[Data extracted from a collection]
# # # # # # #

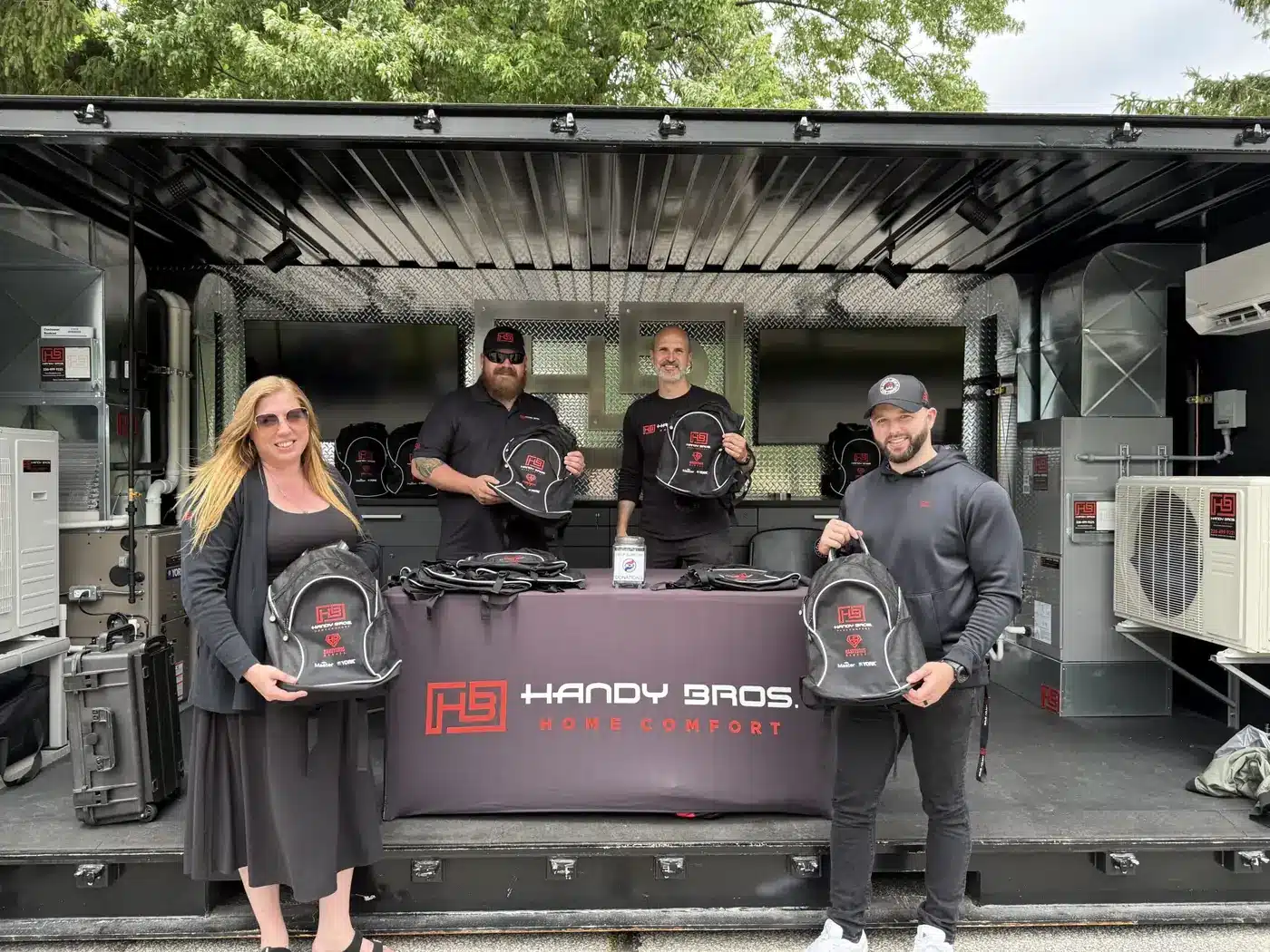 Four people stand inside a trailer showroom, each holding black Handy Bros backpacks with red logos on a table covered by a Handy Bros banner.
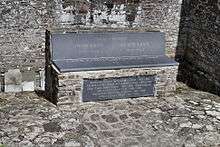 A stone seat outside a church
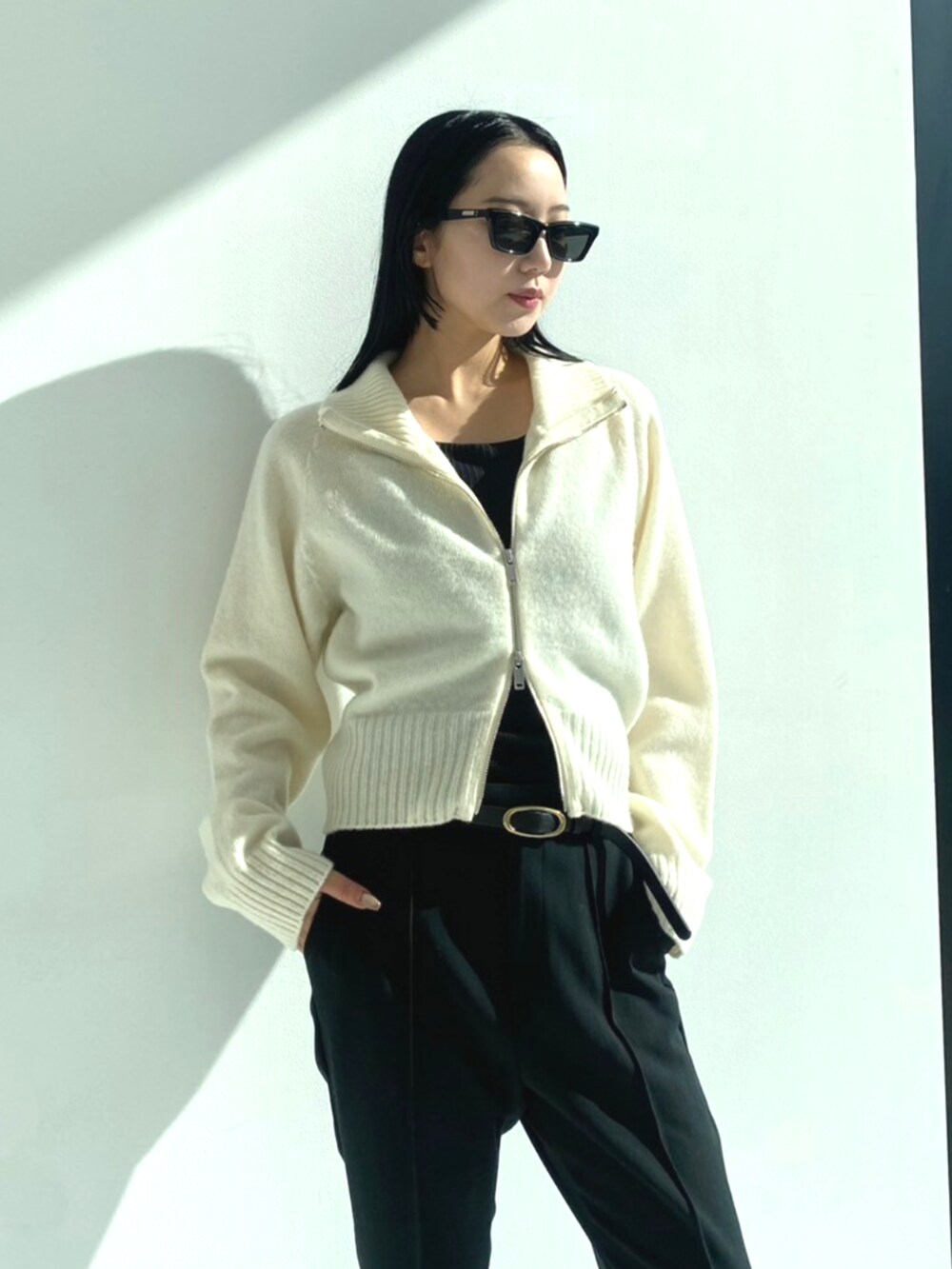 ブラック系のスラックス、ホワイト系のニット/セーターを着用したレディースの秋コーディネートの6枚目の写真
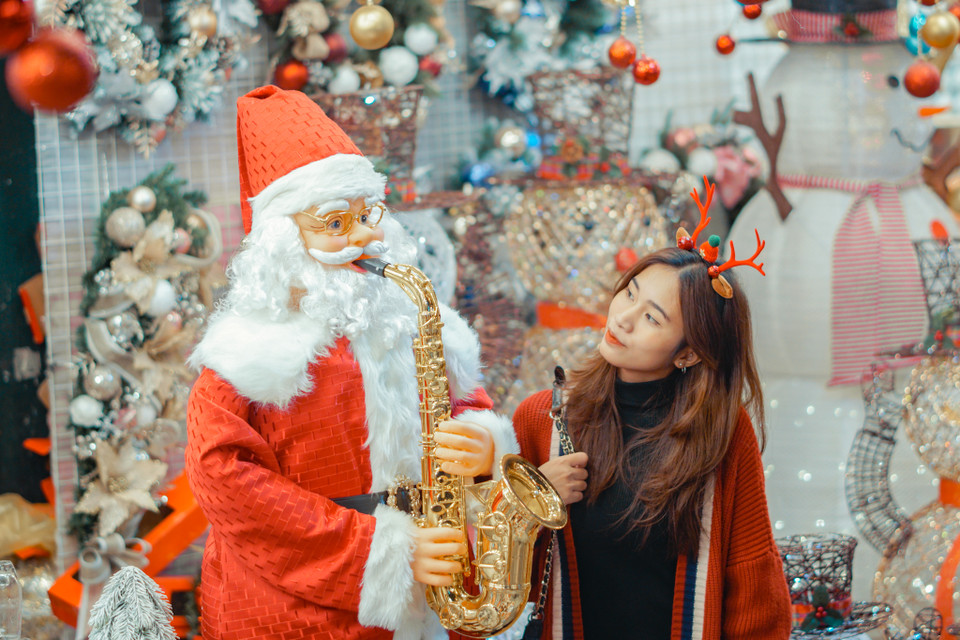 Một bạn nữ đang tạo dáng cùng với hình nộm ông già Noel. (Ảnh: Minh Hiếu/Vietnam+) 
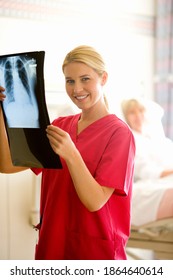 Female Nurse Holding Up An X-ray And Smiling At The Camera With A Senior Female Patient Lying In A Hospital Bed In The Background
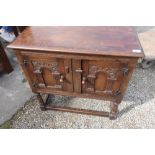 Old Charm style side cabinet with two panelled cupboard doors and turned legs on trestle base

# # # # # # #

Work request:
Give every entry back unchanged, with no pictures.

Your response:
 Four people stand inside a trailer showroom, each holding black Handy Bros backpacks with red logos on a table covered by a Handy Bros banner.
 A stone seat outside a church
 ブラック系のスラックス、ホワイト系のニット/セーターを着用したレディースの秋コーディネートの6枚目の写真
 Một bạn nữ đang tạo dáng cùng với hình nộm ông già Noel. (Ảnh: Minh Hiếu/Vietnam+) 
 Female Nurse Holding Up An X-ray And Smiling At The Camera With A Senior Female Patient Lying In A Hospital Bed In The Background
 Old Charm style side cabinet with two panelled cupboard doors and turned legs on trestle base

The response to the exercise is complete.